Outsourcing movement is not a new trend in the U.S. economy. Some industries, like the health care sector or Corporate America, have been doing it for decades. Others, including higher education, were not that quick to jump in.
Declining enrollment rate, tuition increases, government funding cutbacks, workforce, and infrastructure aging caused school administrations to have a closer look at privatization. Like any other business strategy, it has its pros and cons colleges and universities have to consider.
Reasons to Say ‘Yes’ to Outsourcing
Recent years have seen rising concerns about the accountability of the services provided by education institutions. Anticipating a possible decline in revenue flow, more and more colleges and universities start to embrace the benefits of outsourcing.
Commitment to contain the rise of tuition fees forces public educational institutions to seek new opportunities to cut their expenses. This has spurred the interest in forming public-private partnerships (P3).
Contracting a vendor rather than managing the same operations in-house helps colleges to keep their costs in check. Education institutions perceive such perks through:
- effective process management arising from contractors’ expertise in the field;
- better service delivery due to advanced industry practices and new technologies brought by outside providers;
- transferring employee costs such as compensation, training, insurance, and retirement benefits to the other party.
Core Mission in Focus
The primary goal of the educational institution is to provide students with up-to-date instructions, great faculty, and networking possibilities. Outsourcing allows colleges to focus on the things they do best.
Contracting out food service and bookstore operations is a long-term practice at many schools across the country. U.S. colleges also tend to outsource endowment fund management (41%), legal services (28%), housekeeping (25%), laundry (20%), security (17%), facility maintenance (9%).
A recent survey shows that institutions are interested in partnering in other areas as well. These include the development of campus infrastructure (53%), improving current assets (41%), student housing (39%), predictive analytics (31%).
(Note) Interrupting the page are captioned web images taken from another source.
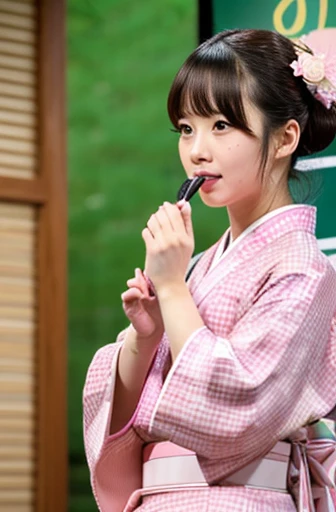 masutepiece, Best Quality, High resolution, venus1,1girl in, Solo, Tsuko Kamato, Bamboo, Brown hair, (((Pink ribbon)) Checkered belt, gag, gag, Gradient Hair, haori, komono, Kimono, Long hair, gaze at the audience, Pink eyes, pink Kimono, Pink ribbon, Solo...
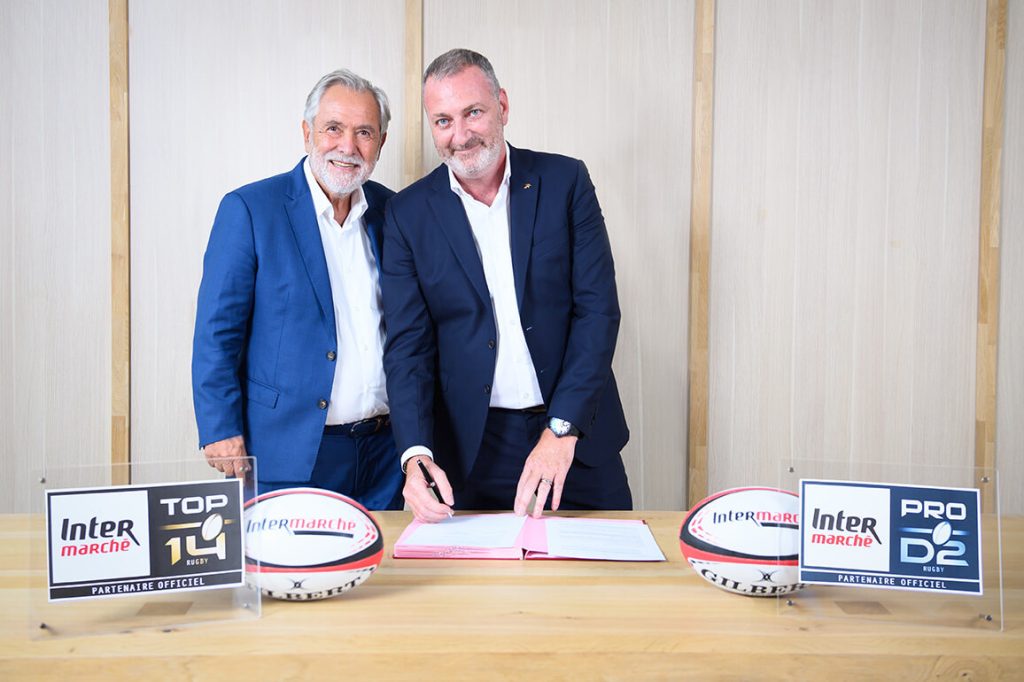 Signature prolongation partenariat Intermarché et Ligue Nationale de Rugby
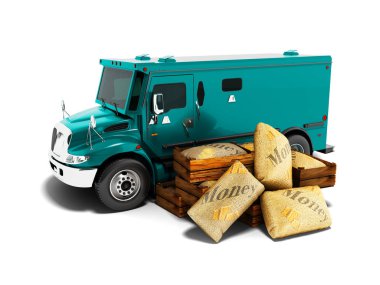 Çanta 3d render gölge beyaz zemin üzerine de para taşıma için Modern mavi zırhlı kamyon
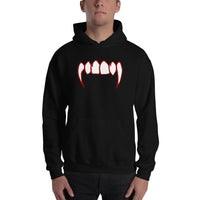Bloody Vampire Fangs design on unisex hoodie, front view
It’s not just the schools that are reaping the benefits of outsourcing. Students also tend to offload some of their tasks, such as research, paper editing, and digital presentation preparation. Those who struggle with written assignments can check essayservice.com to keep up with the curriculum.
Privatization reduces the need for capital investments on the college side. It’s often the vendor who is in charge of purchasing modern equipment, upgrading systems, and bringing qualified workers to campus. This way, higher education institutions can test new amenities and services and compare different alternatives without draining their own resources.
Drawbacks of the Practice
Despite the apparent advantages, there are still many concerns regarding the viability of outsourcing in higher education. Several decision factors can pose an obstacle to introducing this practice. Let’s have a closer look at some of them:
Loss of Control
Under P3 agreements, colleges can still define the results they want to achieve, but they don’t have that much control over the outsourced operations. It’s because institutions pass on to the contractor not only the task but management functions as well.
The inability of the school administration to maintain control over the contracted activity may cause a shift in quality-price balance. Vendors can decrease their performance to meet revenue goals. It may also happen the other way round. Outside providers might be forced to increase the cost to retain the same level of service. Either way, it can harm students and college stuff’s customer experience.
Limited Organizational Knowledge
External personnel may not fully understand the core mission of higher education institutions. Schools are not only centers of teaching and learning. They carry out many public purposes such as socialization, promotion of cultural diversity and equality, career and health counseling. They also play a major role in shaping students’ identities. These values may be somewhat inconsistent with the business’ pursuit of profit.
Colleges and universities should look for contractors who can build their activity in line with the academy’s culture. Outside employees should become an organic part of established organizational dynamics. Otherwise, higher ed institutions may be in danger of losing their unique sense of community and collegiality.
Outsourcing the task that used to be performed by the in-house team is likely to cause resistance from college stuff and labor unions. Institutions can mitigate the negative impact of such decisions by bringing this issue to the negotiation table with their potential partners. The P3 contract can be designed in a way that vendor is obliged to hire or at least interview current college personnel.
Another possible solution is to outsource only management positions for a defined period. Existing staff will be able to stay at college while receiving continuing training from the experts in the field. Outside professionals also help college departments to reorganize their operations and set the direction for further development.